◆ Your task
Please copy exactly the line that contains "Crop Top Tee" and every line after it through the end of the records, leaving the pictures out.

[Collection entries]
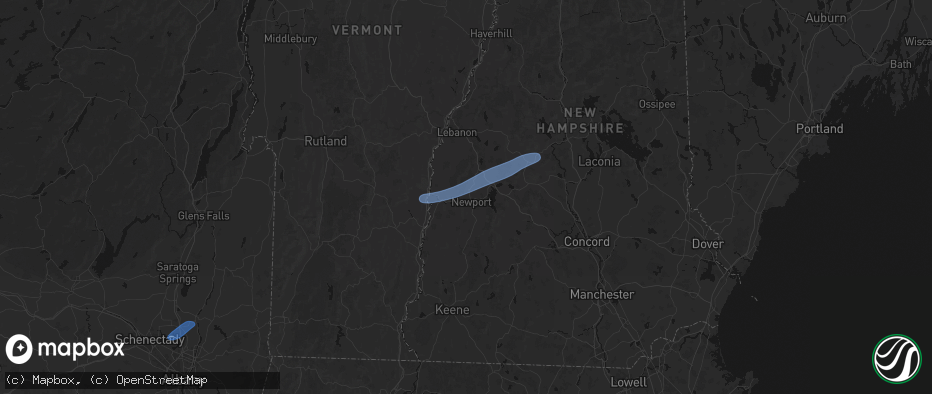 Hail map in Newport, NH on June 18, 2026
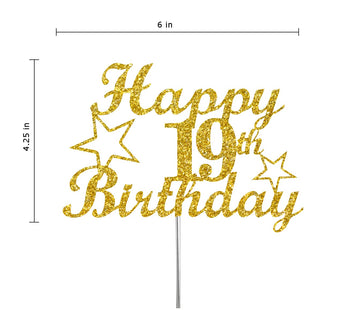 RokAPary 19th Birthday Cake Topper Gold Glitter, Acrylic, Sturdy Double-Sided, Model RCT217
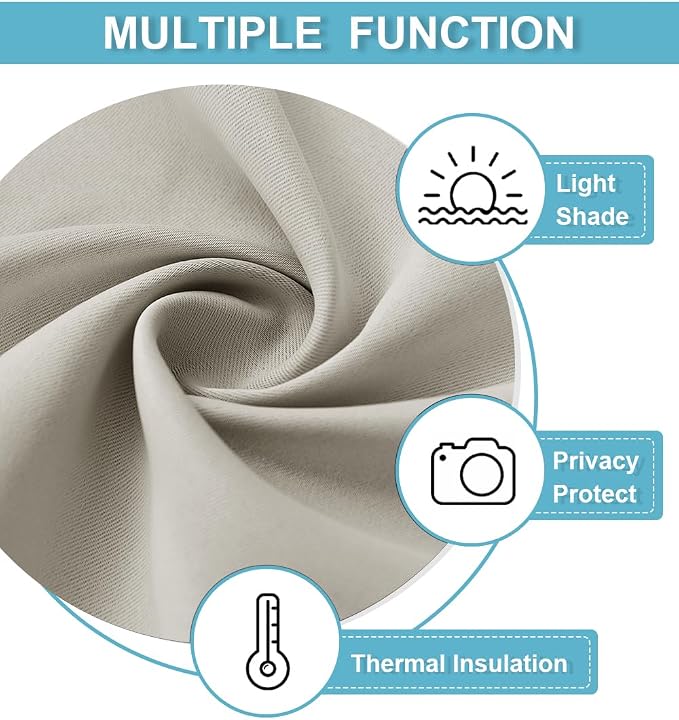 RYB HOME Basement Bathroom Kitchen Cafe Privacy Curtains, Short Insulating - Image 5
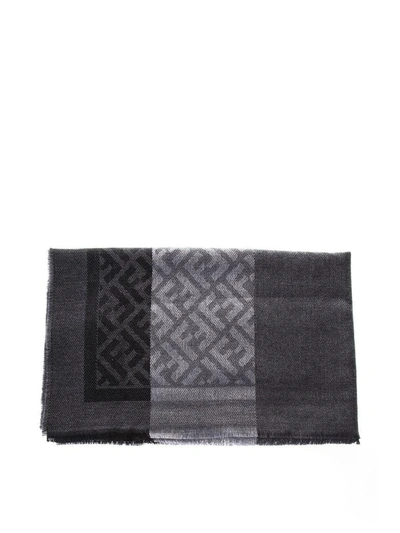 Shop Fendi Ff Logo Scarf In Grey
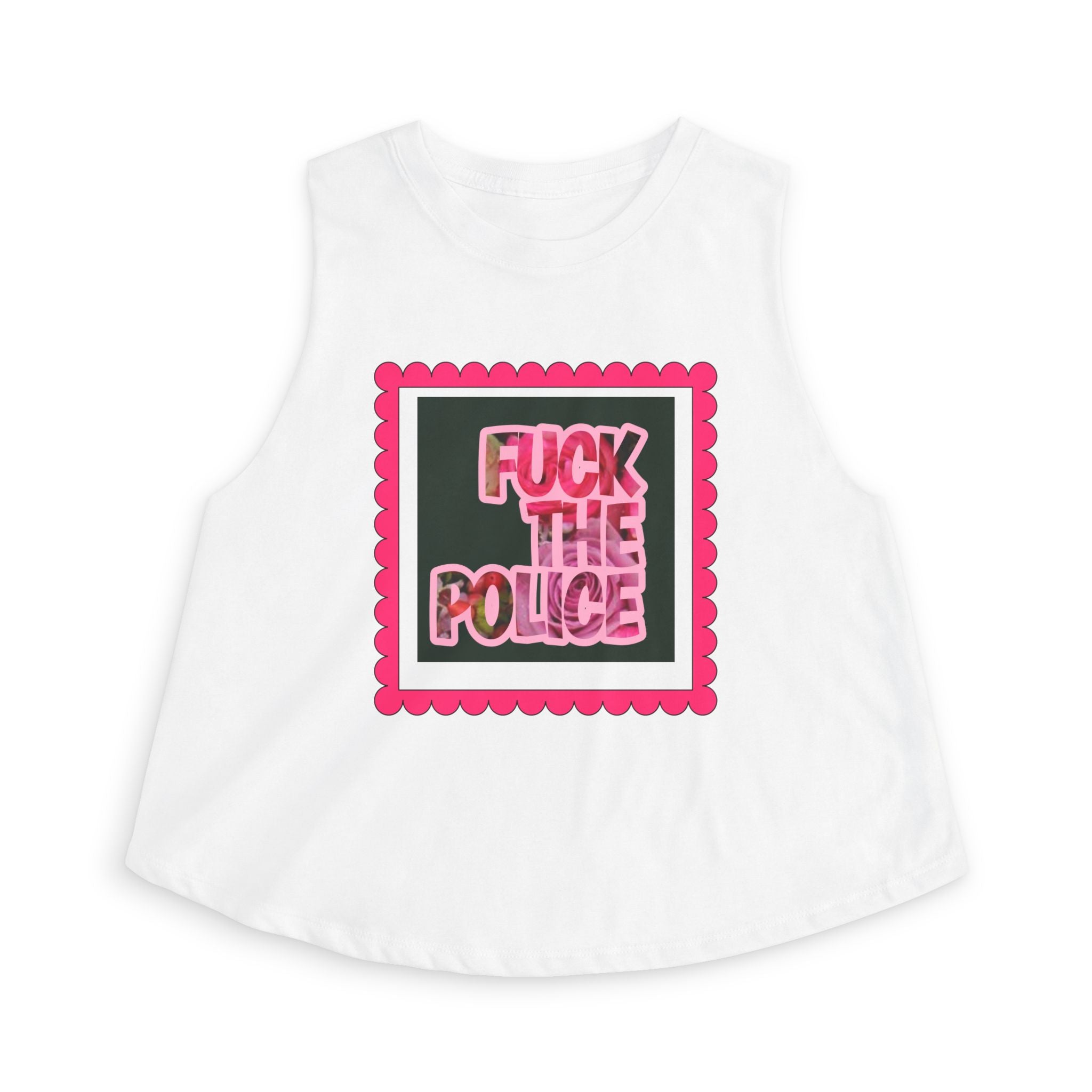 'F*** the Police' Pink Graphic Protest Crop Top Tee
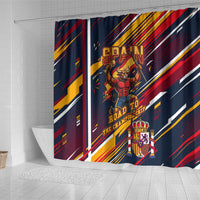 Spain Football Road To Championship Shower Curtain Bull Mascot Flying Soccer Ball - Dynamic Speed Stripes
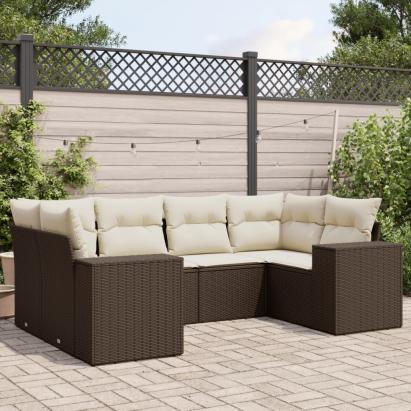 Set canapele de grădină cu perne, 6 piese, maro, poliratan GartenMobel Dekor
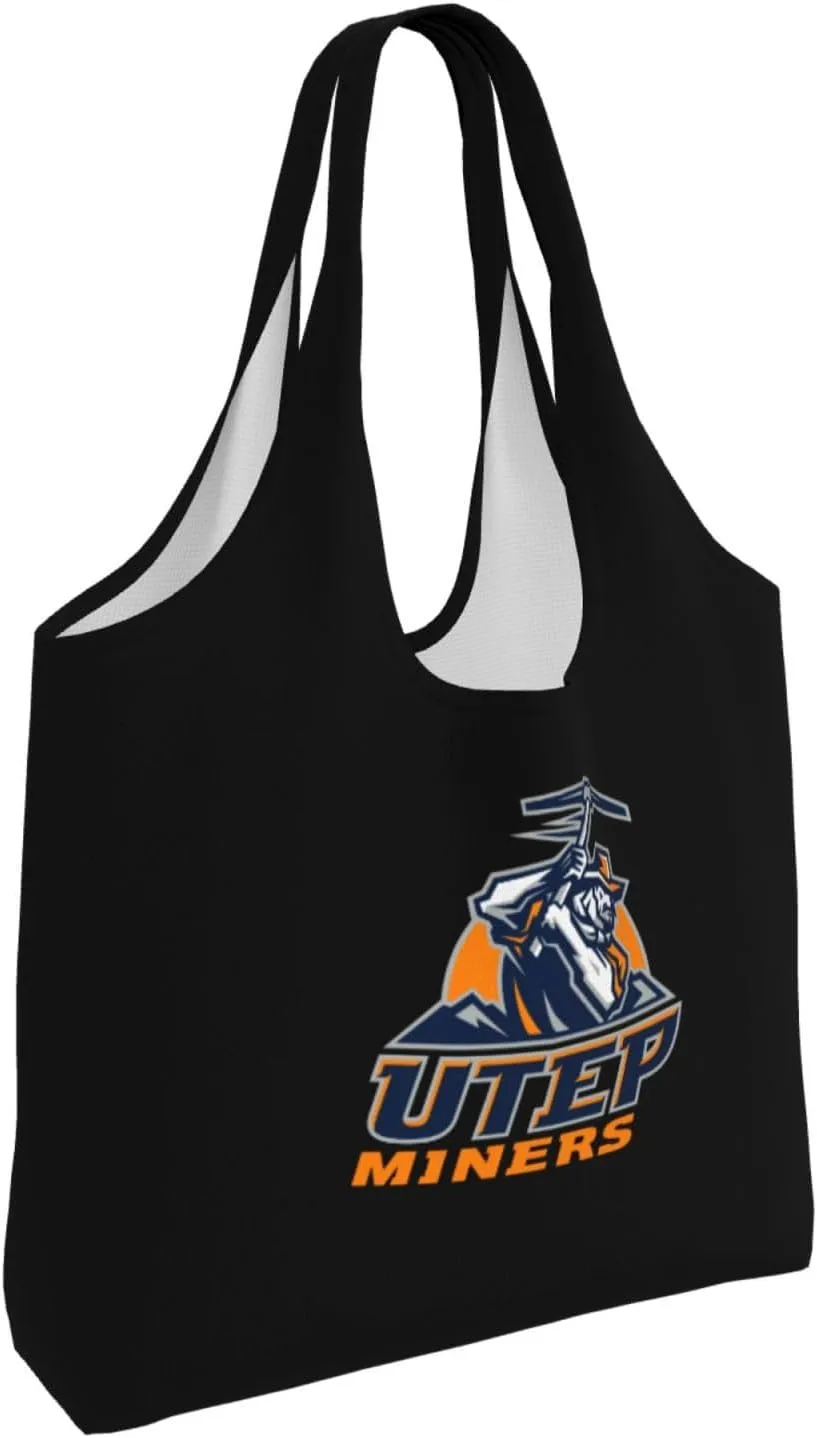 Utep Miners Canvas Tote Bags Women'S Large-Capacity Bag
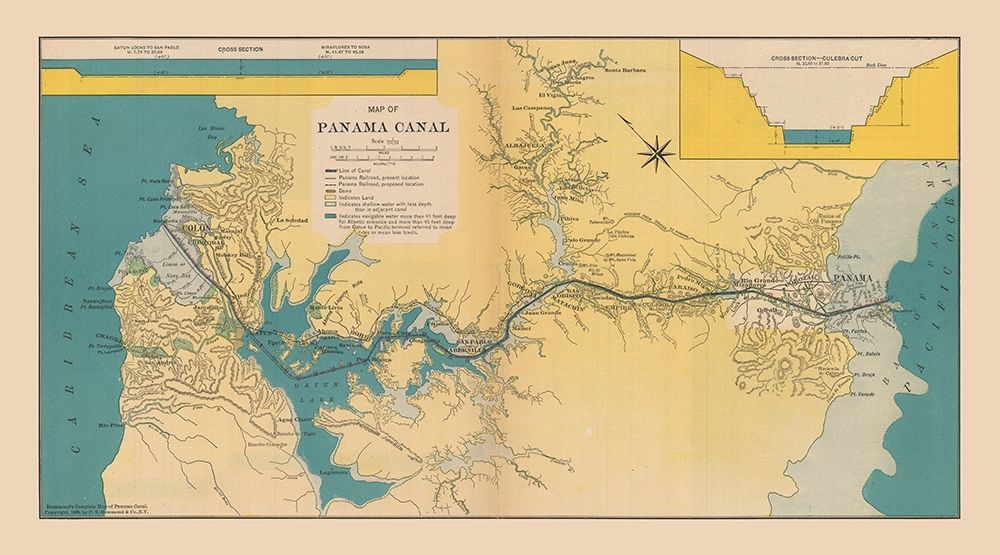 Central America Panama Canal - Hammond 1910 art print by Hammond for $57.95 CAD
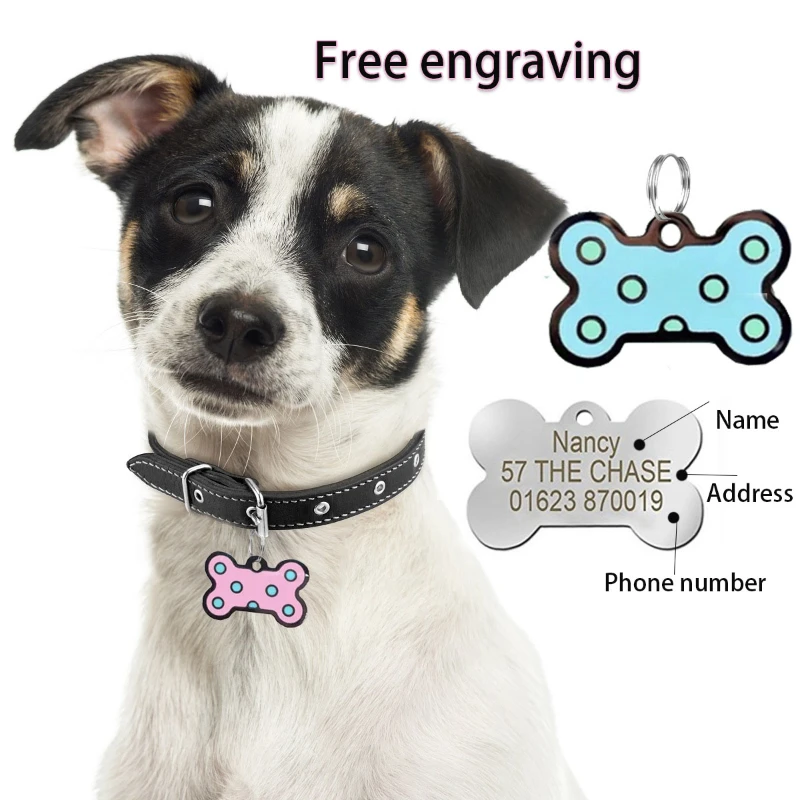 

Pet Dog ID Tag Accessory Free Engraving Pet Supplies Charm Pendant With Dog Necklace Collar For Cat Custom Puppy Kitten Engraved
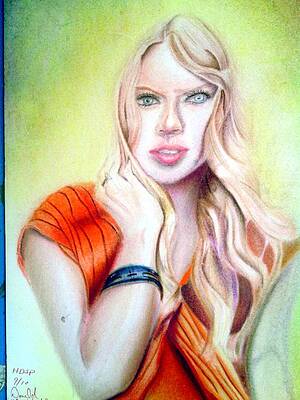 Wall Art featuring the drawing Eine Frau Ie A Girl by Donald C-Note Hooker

◆ Written solution
 'F*** the Police' Pink Graphic Protest Crop Top Tee
 Spain Football Road To Championship Shower Curtain Bull Mascot Flying Soccer Ball - Dynamic Speed Stripes
 Set canapele de grădină cu perne, 6 piese, maro, poliratan GartenMobel Dekor
 Utep Miners Canvas Tote Bags Women'S Large-Capacity Bag
 Central America Panama Canal - Hammond 1910 art print by Hammond for $57.95 CAD

Pet Dog ID Tag Accessory Free Engraving Pet Supplies Charm Pendant With Dog Necklace Collar For Cat Custom Puppy Kitten Engraved
 Wall Art featuring the drawing Eine Frau Ie A Girl by Donald C-Note Hooker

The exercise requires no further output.